Voice Conversion is a technique which can be used to convert or change the speech uttered by a source speaker in such a manner that it is heard as if spoken by another target speaker. Here, an approach for static voice conversion is developed and implemented. Static speech parameters are the parameters over which speaker has least control such as vocal tract structure, natural pitch of speech etc. Here, two main parameters are considered Vocal Tract Structure and Pitch. Also two different approaches are studied and implemented in MATLAB.
In the first approach, source and target speeches are resolved into excitation component and filter component using LPC based source-filter technique and pitch modification is achieved using a method called PSOLA (Pitch Synchronous Overlap-Add).

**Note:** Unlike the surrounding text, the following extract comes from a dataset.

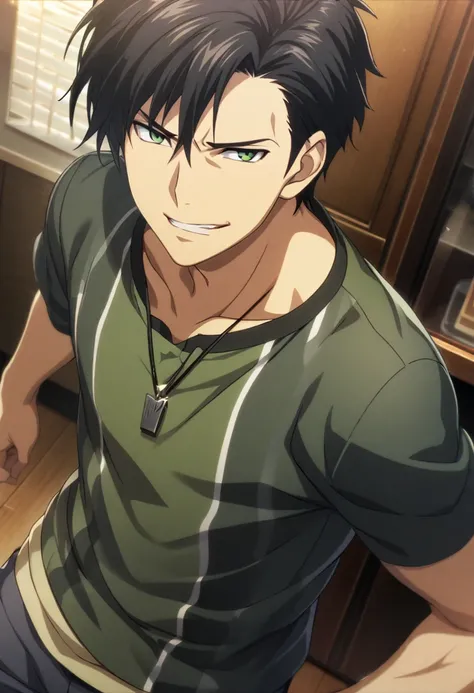 1boy, male, short hair, green eyes, casual clothes, arrogant smile, CG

Whereas in the second approach is based on speech generation model governed by voicing detection. For voiced frames pitch is estimated using auto correlation method and the excitation component is generated using a set of signal generators driven by voicing detection flag. Filter coefficients are modified to approach target speaker coefficients.
Finally, a user friendly demo using MATLAB GUI is developed which demonstrate the idea behind the system. This field of Speech Technology can contribute greatly to the Entertainment Industry as well as can significantly reduce the database size for multiple speaker TTS (Text$to$Speech) Systems making them more convenient to implement on portable devices.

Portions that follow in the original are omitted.